Graphing sensor data with Python
Doing the library dance to draw graphs of what’s going on inside the box whilst writing as little of my own code as possible.
To cook up a graph like the one above, the ingredients are as follows:
- lm-sensors: Standard issue C library for gathering information from the hardware.
- Py3Sensors: Python bindings for the above, making the C routines available at a higher-level.
- SQLAlchemy: I don’t touch a database without it.
- Pandas: Magic library for all sorts of data-munging tasks. Here we just use it to resample timeseries data and interpret annotated Numpy arrays.
- SciPy: Giant, high-performace library for doing science. It’s only used here for the Butterworth filter.
- plot.ly: Graph-rendering service. A touch prettier than vanilla matplotlib.
The final blend of the ingredients above is available on GitHub, what follows is some brief documentation.
Because the idea of this project was to write as little code as possible, the dependencies are heavy. The associated virtualenv is over 300Mb on my box, you have been warned.
First, install lm-sensors. It's available from the Ubuntu repositories.
Clone the repo mentioned above. If you don’t have them already, set the Python deps to install. Go away and make a cup of tea, it will take a while.
You'll also need sqlite, unless you intend to use a more serious database.
$ git clone https://github.com/bmcorser/lm-graphs.git $ cd lm-graphs $ pip install -r requirements.txt
Recording some data
We can’t draw a graph without any data, so let’s take some readings to play with. The script main.py is set up to create tables for the classes that Py3Sensors exposes. The table below roughly shows how code maps to the schema:
code | schema ----------------------|------- Chip | Chip Feature | Sensor Feature.get_value() | Reading
Once the tables are in place, lm-sensors will be polled every second and the table of Reading objects will begin to be populated. Go and make another cup of tea at let it gather some data.
Just like snowflakes, all computers are different. You need to figure out which sensors you have available and which of those you interested in.
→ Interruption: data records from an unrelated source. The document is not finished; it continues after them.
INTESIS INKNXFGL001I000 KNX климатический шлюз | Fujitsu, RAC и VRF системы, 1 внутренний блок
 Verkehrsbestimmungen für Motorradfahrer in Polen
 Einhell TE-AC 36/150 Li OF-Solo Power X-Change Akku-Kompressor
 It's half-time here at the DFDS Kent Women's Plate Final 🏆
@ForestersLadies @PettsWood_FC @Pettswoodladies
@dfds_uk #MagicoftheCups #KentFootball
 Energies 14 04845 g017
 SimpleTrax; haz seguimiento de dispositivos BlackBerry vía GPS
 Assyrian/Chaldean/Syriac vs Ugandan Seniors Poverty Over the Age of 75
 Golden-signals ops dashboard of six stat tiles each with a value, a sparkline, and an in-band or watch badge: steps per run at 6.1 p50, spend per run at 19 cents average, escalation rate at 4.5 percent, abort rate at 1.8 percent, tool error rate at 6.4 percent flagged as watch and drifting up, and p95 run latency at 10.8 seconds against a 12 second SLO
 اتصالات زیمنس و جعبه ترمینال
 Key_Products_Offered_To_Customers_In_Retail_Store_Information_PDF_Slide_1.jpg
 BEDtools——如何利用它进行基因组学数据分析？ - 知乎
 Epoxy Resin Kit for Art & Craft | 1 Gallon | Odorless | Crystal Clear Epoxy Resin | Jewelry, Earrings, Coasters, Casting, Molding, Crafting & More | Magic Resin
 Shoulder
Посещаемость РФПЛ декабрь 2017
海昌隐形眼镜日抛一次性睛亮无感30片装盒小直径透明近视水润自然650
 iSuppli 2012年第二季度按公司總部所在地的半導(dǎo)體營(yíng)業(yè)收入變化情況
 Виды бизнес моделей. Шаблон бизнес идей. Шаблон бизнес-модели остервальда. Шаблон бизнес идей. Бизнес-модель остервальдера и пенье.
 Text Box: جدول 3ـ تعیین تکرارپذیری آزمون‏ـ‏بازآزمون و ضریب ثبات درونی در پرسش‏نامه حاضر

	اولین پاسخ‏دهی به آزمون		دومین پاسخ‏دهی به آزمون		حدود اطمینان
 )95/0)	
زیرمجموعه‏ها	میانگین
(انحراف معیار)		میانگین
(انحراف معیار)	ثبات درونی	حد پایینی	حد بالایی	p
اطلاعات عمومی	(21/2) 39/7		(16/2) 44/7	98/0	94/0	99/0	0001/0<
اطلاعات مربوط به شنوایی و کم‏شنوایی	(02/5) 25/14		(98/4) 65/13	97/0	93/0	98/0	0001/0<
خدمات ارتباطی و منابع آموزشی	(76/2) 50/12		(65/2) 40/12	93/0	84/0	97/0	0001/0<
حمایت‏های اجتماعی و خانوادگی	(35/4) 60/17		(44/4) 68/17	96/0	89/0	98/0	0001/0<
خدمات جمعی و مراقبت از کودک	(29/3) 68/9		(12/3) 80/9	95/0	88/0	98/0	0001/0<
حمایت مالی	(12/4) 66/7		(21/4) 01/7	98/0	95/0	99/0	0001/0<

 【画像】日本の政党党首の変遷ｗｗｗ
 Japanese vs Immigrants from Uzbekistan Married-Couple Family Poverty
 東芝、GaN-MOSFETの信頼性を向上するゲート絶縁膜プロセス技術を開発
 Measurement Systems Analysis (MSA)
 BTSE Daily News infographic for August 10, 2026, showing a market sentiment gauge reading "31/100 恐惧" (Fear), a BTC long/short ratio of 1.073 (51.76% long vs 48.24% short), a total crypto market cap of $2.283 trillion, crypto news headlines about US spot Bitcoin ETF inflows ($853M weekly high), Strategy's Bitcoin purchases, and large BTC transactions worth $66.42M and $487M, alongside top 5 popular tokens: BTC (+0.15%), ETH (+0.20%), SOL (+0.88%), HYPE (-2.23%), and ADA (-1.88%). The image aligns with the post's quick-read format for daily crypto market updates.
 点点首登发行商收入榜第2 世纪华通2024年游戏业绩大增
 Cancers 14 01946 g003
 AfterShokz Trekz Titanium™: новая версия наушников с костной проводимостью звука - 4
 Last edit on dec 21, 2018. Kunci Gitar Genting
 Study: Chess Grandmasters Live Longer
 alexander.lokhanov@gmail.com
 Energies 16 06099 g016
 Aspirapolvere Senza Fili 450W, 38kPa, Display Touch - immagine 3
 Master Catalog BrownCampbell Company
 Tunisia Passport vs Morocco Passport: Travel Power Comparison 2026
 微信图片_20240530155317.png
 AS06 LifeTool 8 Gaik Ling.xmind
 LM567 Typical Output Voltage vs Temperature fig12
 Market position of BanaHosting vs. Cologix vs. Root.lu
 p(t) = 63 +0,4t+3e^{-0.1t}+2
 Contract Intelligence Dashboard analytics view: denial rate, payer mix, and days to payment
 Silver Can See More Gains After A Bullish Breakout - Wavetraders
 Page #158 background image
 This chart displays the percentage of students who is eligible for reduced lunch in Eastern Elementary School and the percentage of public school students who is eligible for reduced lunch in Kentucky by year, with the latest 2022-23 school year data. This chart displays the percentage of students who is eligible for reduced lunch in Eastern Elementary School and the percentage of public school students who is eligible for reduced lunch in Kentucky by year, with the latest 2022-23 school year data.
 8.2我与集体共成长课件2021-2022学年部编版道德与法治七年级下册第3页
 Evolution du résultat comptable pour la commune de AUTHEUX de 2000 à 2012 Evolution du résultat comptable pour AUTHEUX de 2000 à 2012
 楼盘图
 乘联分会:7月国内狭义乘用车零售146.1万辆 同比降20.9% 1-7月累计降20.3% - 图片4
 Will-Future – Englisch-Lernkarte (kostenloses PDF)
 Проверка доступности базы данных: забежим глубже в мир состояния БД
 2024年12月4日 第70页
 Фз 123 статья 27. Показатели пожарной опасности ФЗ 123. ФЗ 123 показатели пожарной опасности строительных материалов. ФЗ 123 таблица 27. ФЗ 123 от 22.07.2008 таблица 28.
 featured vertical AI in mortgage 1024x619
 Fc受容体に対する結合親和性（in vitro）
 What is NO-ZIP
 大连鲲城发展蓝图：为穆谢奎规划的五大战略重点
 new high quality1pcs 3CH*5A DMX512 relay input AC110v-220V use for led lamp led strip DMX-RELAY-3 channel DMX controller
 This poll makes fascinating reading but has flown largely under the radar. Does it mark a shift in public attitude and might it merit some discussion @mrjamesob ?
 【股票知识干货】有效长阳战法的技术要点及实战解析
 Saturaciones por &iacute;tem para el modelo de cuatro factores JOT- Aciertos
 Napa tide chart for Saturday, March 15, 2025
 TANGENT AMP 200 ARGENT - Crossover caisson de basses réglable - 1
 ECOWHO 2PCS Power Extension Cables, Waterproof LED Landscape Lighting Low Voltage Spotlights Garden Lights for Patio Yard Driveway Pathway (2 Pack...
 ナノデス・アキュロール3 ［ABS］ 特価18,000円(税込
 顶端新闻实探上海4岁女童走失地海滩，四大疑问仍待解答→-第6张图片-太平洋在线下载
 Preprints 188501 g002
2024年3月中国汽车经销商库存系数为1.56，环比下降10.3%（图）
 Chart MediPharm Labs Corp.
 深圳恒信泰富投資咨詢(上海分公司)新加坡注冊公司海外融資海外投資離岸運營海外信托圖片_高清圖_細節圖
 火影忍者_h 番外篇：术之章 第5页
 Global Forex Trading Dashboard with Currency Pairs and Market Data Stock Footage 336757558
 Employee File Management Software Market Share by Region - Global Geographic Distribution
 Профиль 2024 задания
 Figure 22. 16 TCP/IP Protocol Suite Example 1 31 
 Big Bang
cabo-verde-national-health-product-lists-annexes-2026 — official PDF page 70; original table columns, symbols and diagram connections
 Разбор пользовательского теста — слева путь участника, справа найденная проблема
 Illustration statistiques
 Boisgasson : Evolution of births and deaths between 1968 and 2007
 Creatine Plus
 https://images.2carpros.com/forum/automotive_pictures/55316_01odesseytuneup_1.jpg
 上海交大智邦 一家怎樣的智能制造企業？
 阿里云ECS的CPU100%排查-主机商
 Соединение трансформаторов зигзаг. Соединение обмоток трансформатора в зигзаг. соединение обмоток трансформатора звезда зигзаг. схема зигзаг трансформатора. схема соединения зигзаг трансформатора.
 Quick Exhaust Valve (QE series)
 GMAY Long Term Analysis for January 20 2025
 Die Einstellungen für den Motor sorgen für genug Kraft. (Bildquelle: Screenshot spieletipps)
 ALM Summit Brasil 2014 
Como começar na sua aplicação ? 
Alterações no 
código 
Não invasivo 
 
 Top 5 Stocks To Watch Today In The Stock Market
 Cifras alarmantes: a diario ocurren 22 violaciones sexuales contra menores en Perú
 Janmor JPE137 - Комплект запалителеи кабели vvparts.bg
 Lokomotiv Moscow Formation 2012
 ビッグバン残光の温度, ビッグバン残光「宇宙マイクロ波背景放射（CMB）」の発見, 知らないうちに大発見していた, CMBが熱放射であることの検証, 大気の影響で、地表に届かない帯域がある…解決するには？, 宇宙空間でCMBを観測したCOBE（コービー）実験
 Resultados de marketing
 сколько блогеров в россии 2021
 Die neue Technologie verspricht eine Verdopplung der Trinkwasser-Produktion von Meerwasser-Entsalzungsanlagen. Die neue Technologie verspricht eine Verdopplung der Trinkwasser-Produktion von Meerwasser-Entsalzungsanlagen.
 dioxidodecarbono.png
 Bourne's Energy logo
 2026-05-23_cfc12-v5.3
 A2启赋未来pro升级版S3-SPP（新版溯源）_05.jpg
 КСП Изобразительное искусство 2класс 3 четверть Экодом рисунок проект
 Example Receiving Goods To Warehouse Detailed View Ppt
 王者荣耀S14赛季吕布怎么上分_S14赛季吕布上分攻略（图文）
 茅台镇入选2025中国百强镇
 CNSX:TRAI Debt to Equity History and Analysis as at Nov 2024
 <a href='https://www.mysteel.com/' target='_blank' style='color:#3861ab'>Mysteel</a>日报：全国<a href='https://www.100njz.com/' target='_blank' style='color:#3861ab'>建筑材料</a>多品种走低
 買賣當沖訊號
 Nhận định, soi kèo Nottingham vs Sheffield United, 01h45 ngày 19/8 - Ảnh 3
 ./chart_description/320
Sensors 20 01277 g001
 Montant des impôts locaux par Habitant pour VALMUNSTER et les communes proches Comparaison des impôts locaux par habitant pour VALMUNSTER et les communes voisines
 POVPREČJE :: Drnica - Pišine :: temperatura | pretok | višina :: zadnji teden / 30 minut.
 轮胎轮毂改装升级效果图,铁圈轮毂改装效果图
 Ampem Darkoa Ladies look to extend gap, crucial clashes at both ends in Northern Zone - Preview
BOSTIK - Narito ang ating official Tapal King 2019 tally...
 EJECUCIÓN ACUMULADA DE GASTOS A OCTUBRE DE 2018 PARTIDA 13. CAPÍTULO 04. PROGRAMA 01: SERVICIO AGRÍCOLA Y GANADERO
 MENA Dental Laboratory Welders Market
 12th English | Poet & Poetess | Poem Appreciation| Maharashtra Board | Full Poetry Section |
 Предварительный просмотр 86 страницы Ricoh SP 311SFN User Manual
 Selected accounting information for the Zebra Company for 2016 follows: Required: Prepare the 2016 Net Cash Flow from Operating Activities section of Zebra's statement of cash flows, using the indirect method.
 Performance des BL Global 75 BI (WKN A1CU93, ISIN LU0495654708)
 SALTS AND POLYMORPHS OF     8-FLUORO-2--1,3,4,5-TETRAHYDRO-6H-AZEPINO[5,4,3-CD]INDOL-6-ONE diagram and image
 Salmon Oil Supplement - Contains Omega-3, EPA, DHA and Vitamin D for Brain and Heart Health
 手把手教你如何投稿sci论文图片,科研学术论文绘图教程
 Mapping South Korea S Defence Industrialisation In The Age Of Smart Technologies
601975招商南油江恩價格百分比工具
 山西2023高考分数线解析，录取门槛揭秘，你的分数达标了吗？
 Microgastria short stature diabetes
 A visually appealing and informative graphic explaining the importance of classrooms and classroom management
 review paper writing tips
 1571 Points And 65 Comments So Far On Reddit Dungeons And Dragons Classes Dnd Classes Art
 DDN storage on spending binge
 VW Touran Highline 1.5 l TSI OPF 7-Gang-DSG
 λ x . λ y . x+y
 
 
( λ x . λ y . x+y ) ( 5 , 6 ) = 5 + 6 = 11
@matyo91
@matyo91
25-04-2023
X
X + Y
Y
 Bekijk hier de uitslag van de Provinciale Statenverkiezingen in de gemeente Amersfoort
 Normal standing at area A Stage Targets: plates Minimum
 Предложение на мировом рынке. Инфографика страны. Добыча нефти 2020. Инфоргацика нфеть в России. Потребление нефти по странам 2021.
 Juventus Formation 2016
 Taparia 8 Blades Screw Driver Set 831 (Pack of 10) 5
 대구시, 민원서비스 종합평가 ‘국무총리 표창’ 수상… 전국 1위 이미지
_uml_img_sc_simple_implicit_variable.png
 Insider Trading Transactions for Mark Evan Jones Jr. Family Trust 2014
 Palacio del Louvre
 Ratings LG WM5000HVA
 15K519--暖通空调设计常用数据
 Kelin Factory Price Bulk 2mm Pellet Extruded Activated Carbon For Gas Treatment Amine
Run sensors in your terminal and you’ll get some output like this:
it8721-isa-0290 Adapter: ISA adapter in0: +2.81 V (min = +0.84 V, max = +1.45 V) ALARM in1: +2.83 V (min = +2.41 V, max = +2.56 V) ALARM in2: +0.83 V (min = +0.24 V, max = +0.25 V) ALARM +3.3V: +3.31 V (min = +5.69 V, max = +1.58 V) ALARM in4: +1.54 V (min = +0.61 V, max = +2.00 V) in5: +2.51 V (min = +1.78 V, max = +0.92 V) ALARM in6: +1.73 V (min = +1.91 V, max = +1.26 V) ALARM 3VSB: +5.09 V (min = +5.23 V, max = +3.12 V) ALARM Vbat: +3.34 V fan1: 2419 RPM (min = 80 RPM) fan2: 1220 RPM (min = 15 RPM) fan3: 0 RPM (min = 10 RPM) ALARM temp1: +32.0°C (low = -124.0°C, high = -51.0°C) ALARM sensor = thermistor temp2: +26.0°C (low = +104.0°C, high = -87.0°C) ALARM sensor = thermistor temp3: -128.0°C (low = +16.0°C, high = +49.0°C) sensor = disabled intrusion0: OK fam15h_power-pci-00c4 Adapter: PCI adapter power1: 80.10 W (crit = 125.19 W) k10temp-pci-00c3 Adapter: PCI adapter temp1: +21.1°C (high = +70.0°C) (crit = +90.0°C, hyst = +87.0°C)
From this output we can see which sensors are disabled or not giving any readings (see temp3 and fan3 on the ISA adapter). We can also see that the fan, voltage and temperature sensors are for different types of information won’t make sense graphed together.
In the graph at the top of the post, I graphed temp1 and temp2 from the ISA adapter and temp1 from the PCI adapter.
The plot.py script is set up to render a graph for a selection of sensors referenced by ID. You can see which IDs got assigned to which sensor by querying the database directly:
$ sqlite3 lm-sqla.db 'select id, chip, label from sensor;'
Grab the IDs for the sensor you want to graph and replace in the script and run it. It will spit out a URL to a plot.ly graph. Presto!